In diving, it isn’t only the Dollar that is the subject of religious zeal. Some people will follow the teachings of their training agency as zealously as some others with follow the teachings of Abraham, Jesus, Mohammed, Joseph Smith or L. Ron Hubbard. Without impugning the divinity of the first three, and apologizing in advance to those that believe the last two are equally divine, I have to point out that dive training, whether it be PADI, IANTD, TDI, SSI, or even GUE, was obviously devised by ordinary men who are not prophets but simply pursuing profits.

However, pay good money for a course and you will want to believe what you were told was credible. Many don’t want to be made to pause for thought.

That said I still find it strange that a review of one simple item of diving equipment made in Florida can precipitate the outpouring of hostility on the Internet, especially in the USA, that it has. It was not even as if the review was unfavourable!

It was simply that it was not the unadulterated adulation that the disciples of a particular training agency demand. Why do they demand it? Because the company in Florida that makes the equipment has a tie-up with the training agency that not only teaches its students in a rigorous one-way-to-do-things manner but also dictates the brand of equipment they should use, and is sold to them as naturally perfect in every way. Beliefs cannot be challenged.

Now if this smacks of the way Islamic Fundamentalists do things, you may be right but these are fundamentalists of a different god. The anonymity of the Internet allows people to say angry things that they would never dream of saying to anyone’s face. It’s an important characteristic of mob rule. In a mob you can feel free to throw an anonymous stone. It probably won’t kill anyone. Harsh words are the stones of the Internet.

Now don’t think I am pointing the finger at only one particular group of people. Let’s go back to the pursuit of money. We may be slightly more coy about it in the UK but we are certainly particular about the way we spend our hard earned cash. No one wants to hear an opinion that they spent their money unwisely and they often react in a similar manner to someone who sees their prophet illustrated in a cartoon in an unsympathetic pose.

A British magazine recently printed my review of a new item of kit that I thought had a problem. Others that owned equipment bearing the same brand, but not that actual item of kit you’ll note, turned out in numbers on the internet to metaphorically throw stones and burn down embassies in a demonstration of blind brand loyalty.

As for rebreathers, well that’s a very touchy subject. I am on record as being at the forefront of those that promoted closed-circuit diving but that does not absolve me in any way from the rioting mobs at my gate. I suppose that any rebreather owner spends so much time defending the safety record of this way of diving because there have been so many well-publicized casualties, that most have their hackles permanently raised.
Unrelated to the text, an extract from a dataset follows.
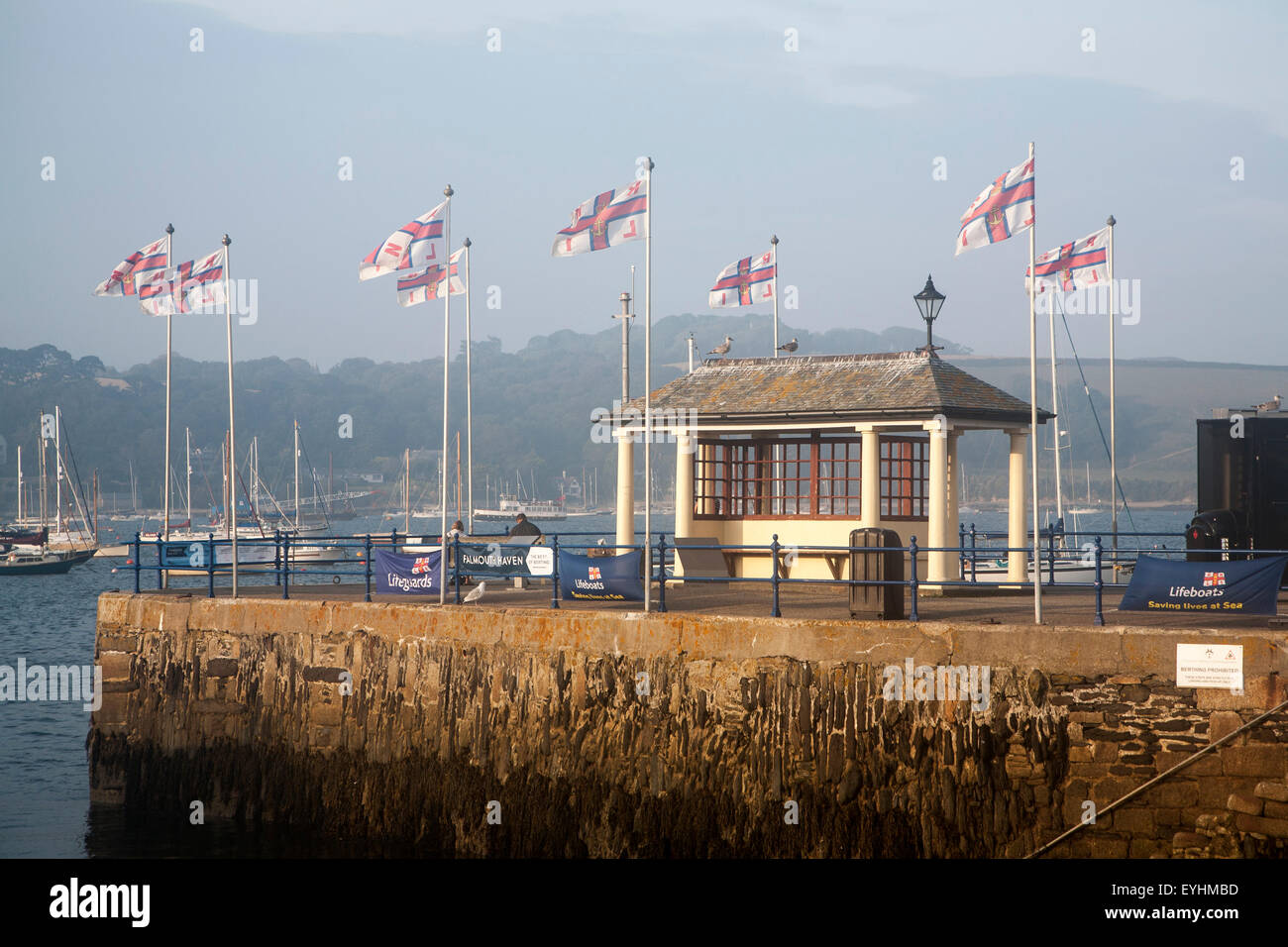 RNLI flags flying in the breeze on Prince of Wales pier, Falmouth, Cornwall, England, UK Stock Photo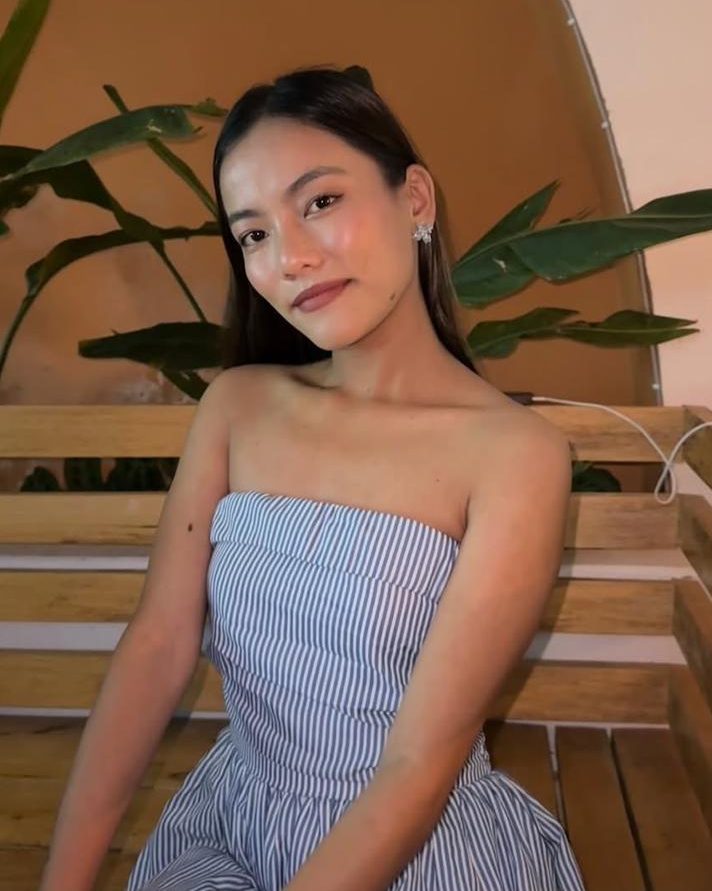 Aava Rai seated, photographed in daylight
Rebreather diving is in its infancy. People who are seen doing a rebreather try-dive one week set themselves up as experts a fortnight later. But there is so much money at stake in the purchase of one of these complex pieces of equipment they get very grumpy at any criticism whatsoever. I guess that means more stones coming my way! I wonder why it is not the same with the really major purchases of our lives, our houses and our cars? Is it because the car came with the job and the actual price we pay for our house is so enormous that we dare not think about it? I recently had four windows replaced in my own house at the cost of £18,000 [Ed:. about US$32,000]. Yes, you read that right. Now tell me I was ripped off, but don’t you dare tell me my windows are not perfect. I’ve got plenty of stones of my own!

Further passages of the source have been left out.